The Test Optional Alternative

While many parents and students are still wrestling with the interchangeability of the ACT and the SAT; the National Association of College Admissions Counselors (NACAC) released a study in February 2014 showing there is no perceptible difference in academic performance between students who do and do not submit ACT or SAT scores.

Such a statement almost seems blasphemous in the realm of college admissions, yet the evidence was culled from a study of over 123,000 students across 33 colleges with test optional policies. The colleges were from four different categories: 20 private colleges and universities, 6 public universities, 5 minority serving institutions and 2 art/design schools. Additionally, a number of these test optional colleges are among the most selective colleges in the country including Bowdoin College, Smith College, Wesleyan University-which just this year elected to become test optional, and Wake Forest University (NC).

Two questions served as fundamental guides for the study. Foremost, ‘are college admissions decisions reliable for students who are admitted without SAT or ACT scores,’ and do standardized tests predict college performance?

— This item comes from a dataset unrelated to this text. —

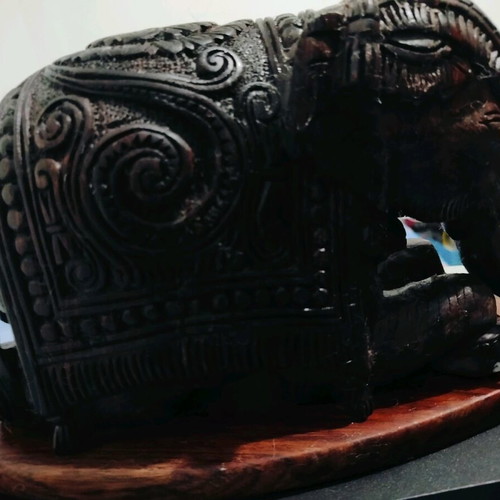 Wooden handmade elephant with carved details like new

The study discovered about 30% of the students who applied to these schools did not submit standardized tests. Other findings also warranted attention:

  1. The cumulative GPA (CGPA) for non-submitters is only .05 lower than submitters

  2. The graduation rate for non-submitters is 0.6% lower than submitters

  3. Non submitters are predominantly from the lowest and highest income groups

  4. Non submitters tend to apply early decision, come from a broad range of ethnic groups, and often attend schools out of state

  5. The best predictor of college performance is high school grades: ‘hard work and good grades in high school matter, and they matter a lot.’

The differences between submitters and non-submitters in CGPA and graduation rates, statistically, are insignificant. However, when a school eliminates the standardized test requirement, while the quality of the student stays virtually the same, it broadens the applicant pool to first generation, non-white, and Pell Grant recipients across the nation.

Joseph Soares, a professor of sociology at Wake Forest, one of the campuses that was part of the surveyed 33 schools in the study, responded to the results of the study: “The study confirms that high school grades remain the best predictor of college grades, and suggest that anyone relying on test scores reduces the breadth of their applicant pool for no good reason.”

Pitzer College, one of the Claremont Colleges, has long been test optional. Regardless, Pitzer continues to be one of the most selective colleges in the country. It recently admitted 15% of its 4,100 applicants, making it slightly more selective than Cornell University, Rice, Williams, and Georgetown. Over 60% applied without testing and of those accepted more than 70% never submitted test scores.

Angel Perez, the vice president and dean of admissions and financial aid at Pitzer, comments, “I think we’re getting more students whose SAT scores are phenomenally strong, but who don’t submit for philosophical reasons. I meet students who say that they got 750s across the board but say, ‘That’s not the way I want to be represented.”

Mr. Perez adds, “I can’t remember talking about an SAT score in admissions committee this year. It’s not a point of discussion for us. Even for students who submit, we’ll take a look at it, but we never use it as a predictor of success.”

Test optional might not be for all campuses or all students. In fact test optional schools will review scores if the applicants feel they are critical in evaluating their candidacy. What is more surprising is that without considering whether a student knows what is the tone or main idea of this article (standard SAT fare), colleges are able to identify promising students effectively, while broadening the diversity of their applicant pools, and not compromising academic quality one bit.